Carissimi: Historia di Jephte

→Voces Suaves und Michele Vannelli nähern sich Carissimis „Historia di Jephte“ mit großer Sorgfalt und spürbarer Freude: Nichts ist überzeichnet, die Erzählführung trägt sich selbst, und aus dieser Präzision entsteht die Wirkung. Das Werk, in den 1640er Jahren entstanden, ist nie aus dem Repertoire verschwunden und wurde bis hin zu Händel bewundert, der den Schlusschor in seinem „Samson“ übernahm.

Carissimi: Historia di Jephte

Die Historia di Jephte verdankt ihre Wirkung einem Widerspruch: Sie ist ein liturgisches Werk, bestimmt dazu, die gewöhnlichen Messgesänge an hohen Festtagen zu ersetzen, und entfaltet dabei eine Theatralik, die dem aufkommenden Opernschaffen ihrer Zeit in nichts nachsteht. Carissimi erzählt die Geschichte des Kriegers Jephtha, der vor der Schlacht gegen die Ammoniter das unbesonnene Gelübde ablegt, Gott das erste Lebewesen zu opfern, das ihm aus seinem Haus entgegenkommt. Es wird seine einzige Tochter sein. Der dramatische Umschwung, der darauf folgt, von kriegerischem Jubel zur Totenklage, gehört zu den erschütterndsten Momenten der Musik des 17. Jahrhunderts.

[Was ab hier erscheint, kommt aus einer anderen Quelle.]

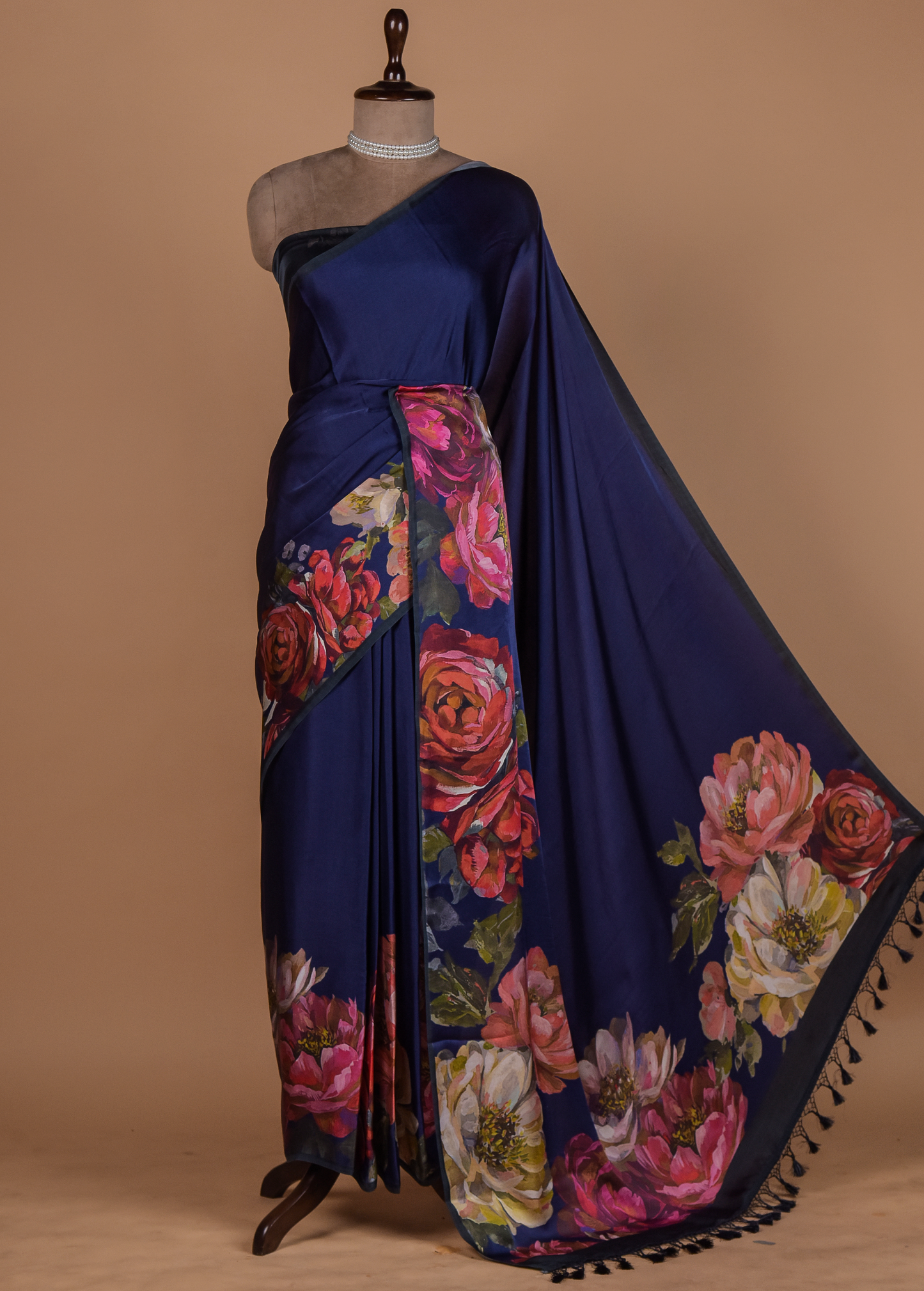 Blue Satin Printed Saree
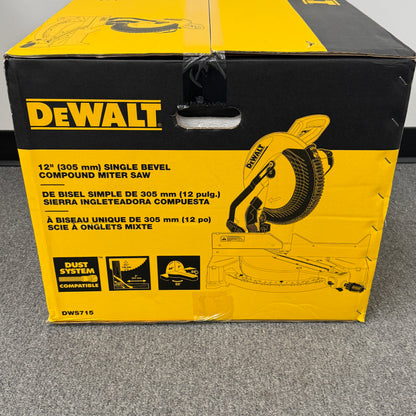 New DeWalt DWS715 120V 12" (305mm) Single Bevel Compound Miter Saw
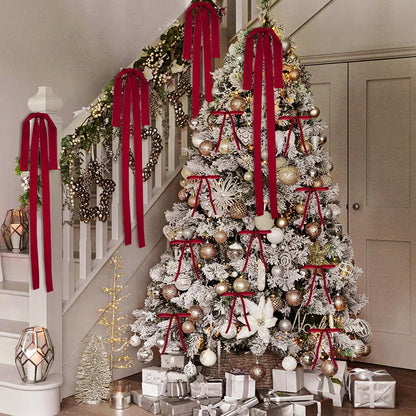 Ouddy Life 28 Pcs Red Velvet Bows - Elegant Christmas Tree Decorations & Ornaments for Holiday Decor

Die Entscheidung, die originale Besetzung mit Violinstimmen aus anderen Werken Carissimis anzureichern, sagt viel über den Anspruch dieser Einspielung aus, die Michele Vannelli hier mit dem Basler Vokalensemble Voces Suaves vorlegt. Eine in Rom der 1650er Jahre belegte Praxis, die der Musik ein Gewicht und eine klangliche Weite verleiht, die ihr sonst fehlen würde. Das Plorate colles, getragen von den Sopranistinnen Mirjam Wernli und Christina Boner, erreicht eine stille Intensität, bei der man den Atem anhält, und der Schlusschor Plorate filii Israel, jener, den Händel in seinem Samson zitierte, erklingt mit einer herben, schmucklosen Würde, die erklärt, warum dieses Werk nie wirklich aus dem Gedächtnis verschwunden ist.

Zwei Motetten zu fünf Stimmen von Carissimi rahmen den Dialog Cristo smarrito von Domenico Mazzocchi ein, einer zu Unrecht wenig beachteten Gestalt, die Kircher einst als Erfinder des chromatischen Stils feierte. Sein Miniatur-Oratorium, auf einen Text von Marino, mit dem Lamento della Beata Vergine in Tönen, die eher sinnlich als geistlich wirken, verleiht dem Programm eine unerwartete expressive Tiefe. In der Martinskirche in Basel mit großzügiger Akustik aufgenommen, gehört diese Einspielung zu den bemerkenswertesten Veröffentlichungen der Saison.